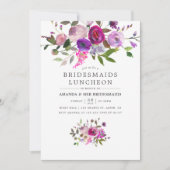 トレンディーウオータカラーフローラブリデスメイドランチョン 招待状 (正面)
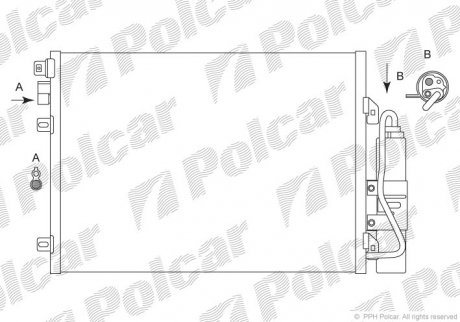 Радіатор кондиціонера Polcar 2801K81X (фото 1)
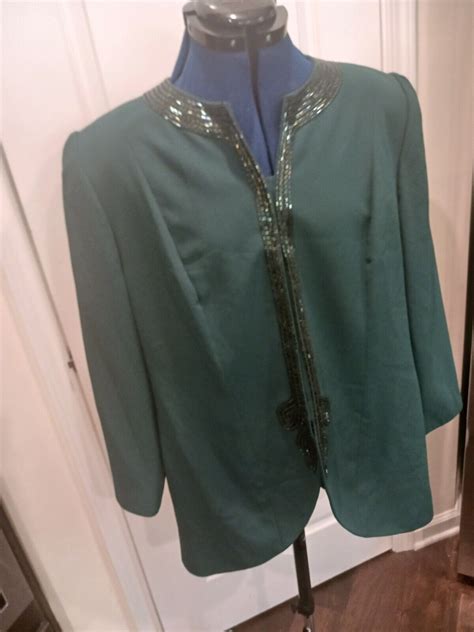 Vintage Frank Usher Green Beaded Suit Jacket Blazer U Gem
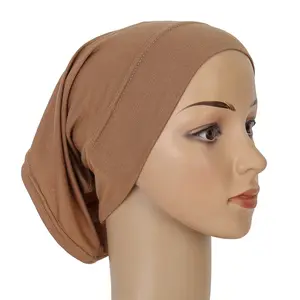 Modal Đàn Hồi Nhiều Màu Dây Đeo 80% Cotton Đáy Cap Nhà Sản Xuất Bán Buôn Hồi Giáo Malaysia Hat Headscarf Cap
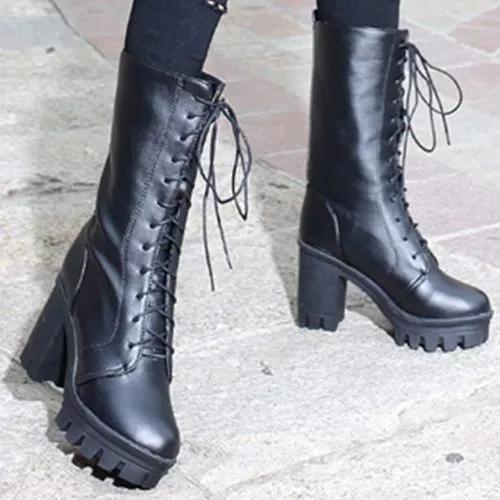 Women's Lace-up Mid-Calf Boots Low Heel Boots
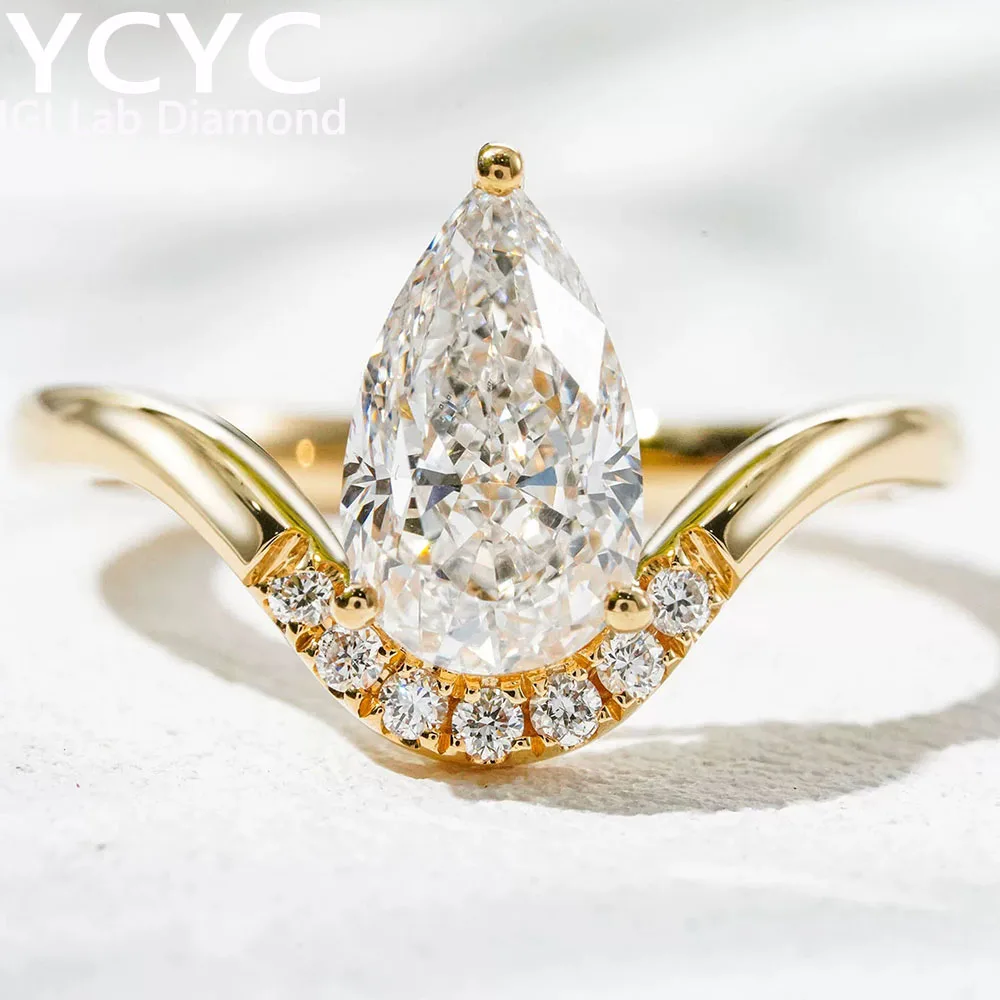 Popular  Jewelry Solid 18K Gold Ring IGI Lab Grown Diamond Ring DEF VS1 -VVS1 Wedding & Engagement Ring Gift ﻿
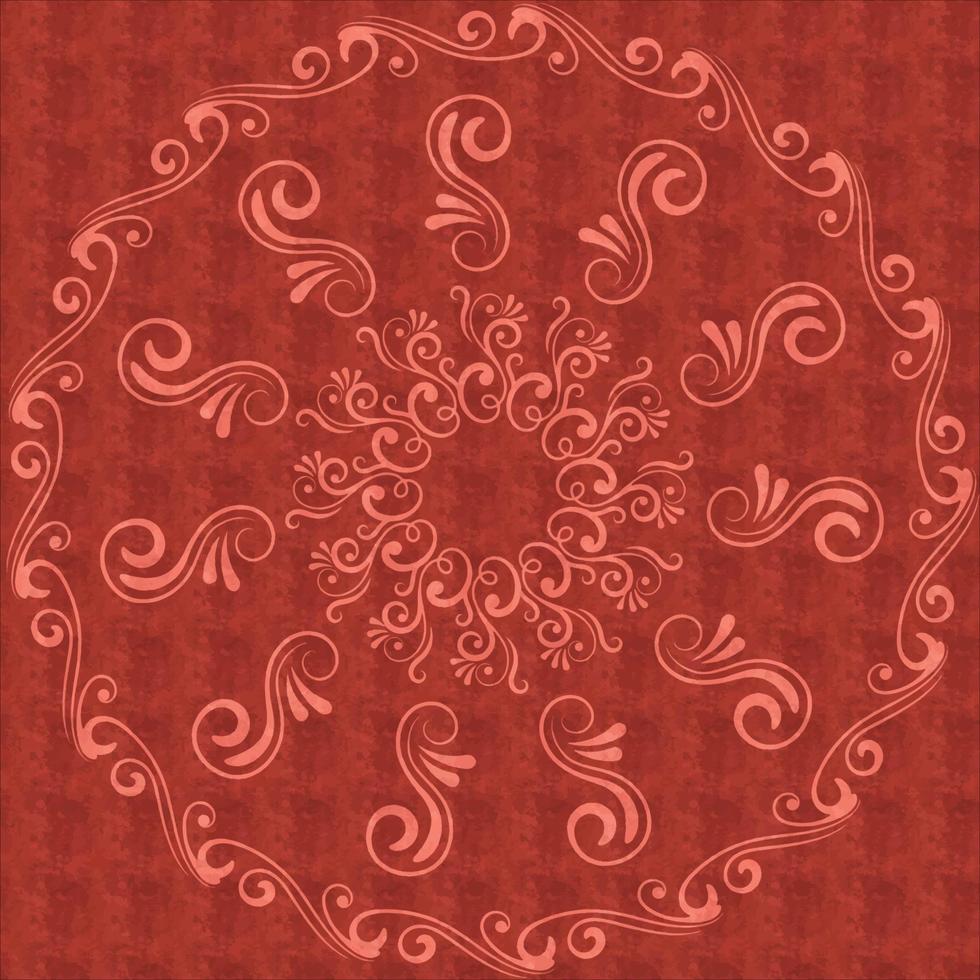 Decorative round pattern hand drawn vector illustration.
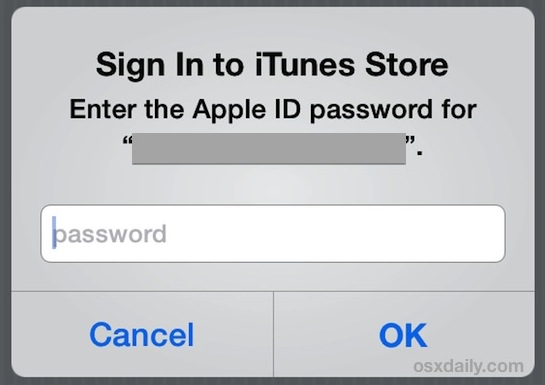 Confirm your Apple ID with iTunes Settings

====

_Task instructions_
Please set down the lines above word for word and leave out the pictures.

_Answer below_
 トレンディーウオータカラーフローラブリデスメイドランチョン 招待状 (正面)
 Радіатор кондиціонера Polcar 2801K81X (фото 1)
 Vintage Frank Usher Green Beaded Suit Jacket Blazer U Gem
 Modal Đàn Hồi Nhiều Màu Dây Đeo 80% Cotton Đáy Cap Nhà Sản Xuất Bán Buôn Hồi Giáo Malaysia Hat Headscarf Cap
 Women's Lace-up Mid-Calf Boots Low Heel Boots
 Popular  Jewelry Solid 18K Gold Ring IGI Lab Grown Diamond Ring DEF VS1 -VVS1 Wedding & Engagement Ring Gift ﻿
 Decorative round pattern hand drawn vector illustration.
 Confirm your Apple ID with iTunes Settings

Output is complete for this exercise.